The present painting, belonging to a significant period of Behjat Sadr’s career, reveals a host of distinct features of her art, including an adherence to texture and background of the work. The painting clearly indicates that representation of reality was of little significance to her and that reality was merely a vehicle for her to create forms and colors. In creating artworks, Behjat Sadr sometimes experimented with movements of hand and physical gestures. She deconstructed the principles of easel painting to experiment with a kind of action painting on a horizontal canvas, similar to what American abstract expressionists did. In this monochrome painting, we see thick brushstrokes that are creating an illusion of an aluminum canvas. The interplay of surface paint and lining paint clearly seen in this work is a distinct feature of the Sadr’s oeuvre of this period.
Behjat Sadr often continued playing with paint and painting tools to the extent that she felt intuitively an important moment was created or the work was complete. These works capture, in a way, a change in the fleeting moment of a flicker of light. Sadr succeeded in reproducing such moments just through her personal language, and with no imitation. The result is the work presented here.

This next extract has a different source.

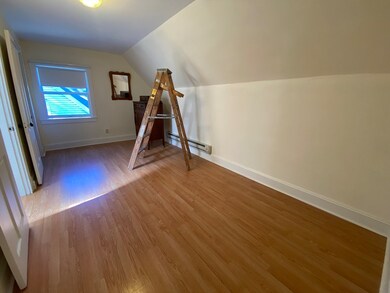 6 Harriet St unit 3, Brighton, MA 02135 - photo 3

It seems that these works have gone through a process of reductionism, losing layers of paint instead of having a layered surface. What distinguishes works of this period is dexterous, circular application of palette knife that is evidently reducing intensity of colors and revealing the background underneath the paint. Thus we are witnessing the interplay of bumps and dents by comparing the background and colorful foreground of the painting. These colors create forms that although resemble natural objects, are not accurate imitations of them; rather, they are a translation of images of the real world into the artist’s personal symbols and motifs.